Connaissez vous la gentrification ? Un processus par lequel la population d’un quartier populaire, souvent apparenté à un ghetto, se fait remplacer par une population plus aisée. Eh bien, Candyman, version 2021, en fait son porte-étendard. Prenez un artiste bobo afro-américain en manque d’inspiration, sa femme galeriste un peu déboussolée, une légende urbaine basée sur des violences policière, des meurtres plus ou moins inventifs, mélangez le tout et vous avez un film d’horreur qui gentrifie le genre.
Le film de Nia DaCosta, co-produit et co-écrit par Jordan Peele, réalisateur en vogue depuis la sortie de ses deux films consécutifs Get Out et Us, s’inscrit pleinement dans le film d’horreur "social". Mais là où son confrère Jordan Peel optait pour une approche grinçante, jouant sur le fil entre horreur et humour, Nia DaCosta opte pour une approche frontale, très premier degré, trop premier degré pour réellement convaincre le spectateur de sa sincérité. Car oui, Candyman est un film bouillonnant de rage envers une société profondément marquée par son racisme ambiant, et le boogeyman du film, traversant différentes époques, représente parfaitement la colère de la communauté afro-américaine, marquée récemment par le mouvement Black Lives Matter. Comment ne pas y voir un film opportuniste en manque de recul face à son propre sujet ? Si la cause semble noble, le film mise tout sur son aspect social, appuyant sur ce point avec bien trop d’insistance pour réellement viser juste.

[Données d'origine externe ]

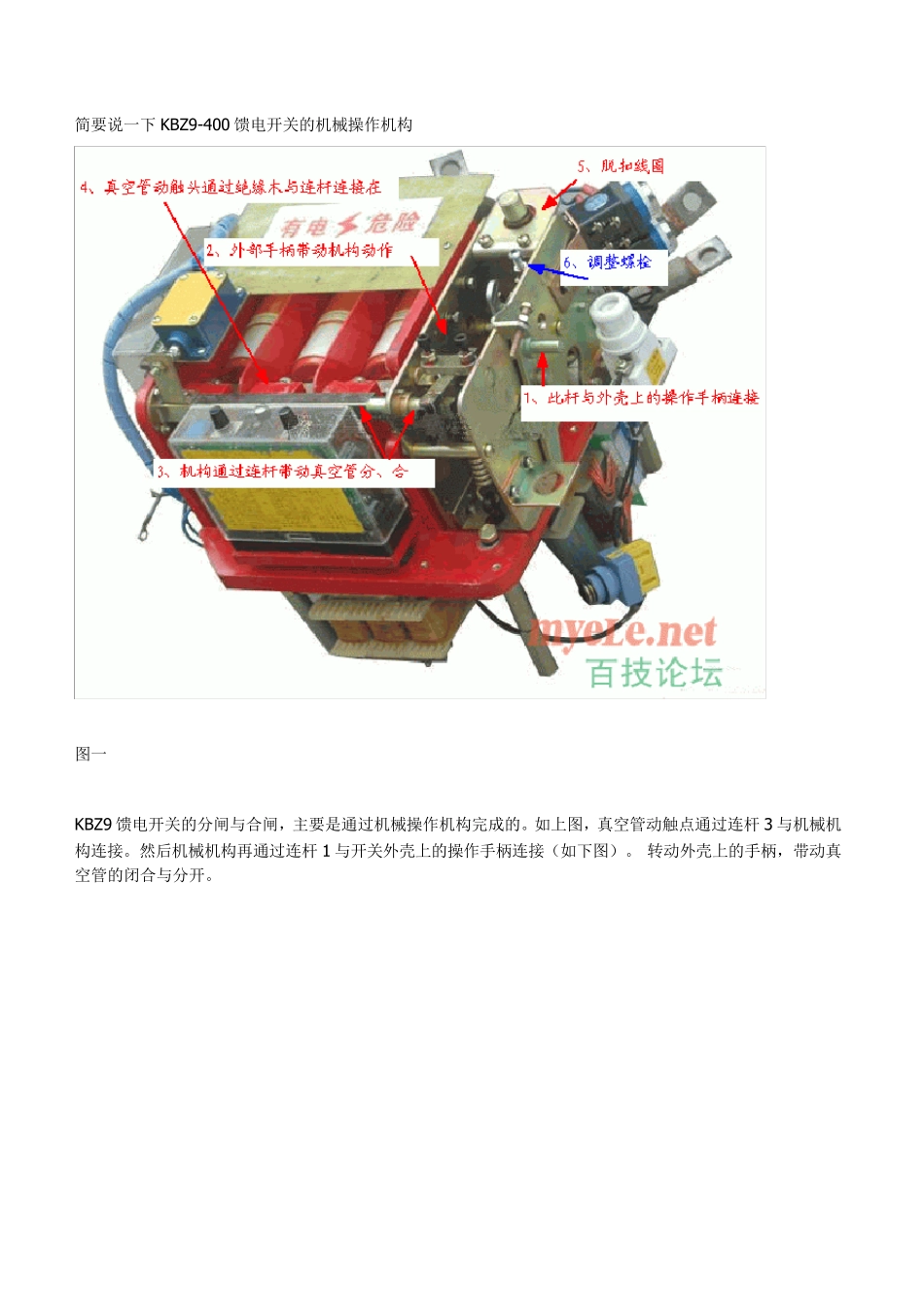 KBZ9400馈电开关原理及维修_第1页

Le pire étant que le film en oublie presque de faire peur. Il y a bien des scènes de meurtres trouvant de jolies idées de mise en scène ; un tueur n’apparaissant qu’au détour d’un poudrier de poche ; le body horror légèrement abordé par le film sans grande imagination ; ou encore la légende urbaine s’incarnant sous la forme de séquences animées en théâtre d’ombre. Mais même là, le film ne respecte pas ses idées de mise en scène, au point de devenir incohérent, comme si le propos du film, sans subtilité, en parasitait la forme.
Avec son postulat ancré dans l’air du temps, ce Candyman augurait du bon. Force est de constater que Nia DaCosta échoue tristement à mettre en exergue le difficile héritage afro-américain, comme a contrario pu le réussir la série Watchmen en 2019, avec elle aussi Yahya Abdul-Mateen II (protagoniste principal du film) dans le rôle-titre. Cette version donne surtout envie de (re)découvrir le film original réalisé par Bernard Rose en 1992.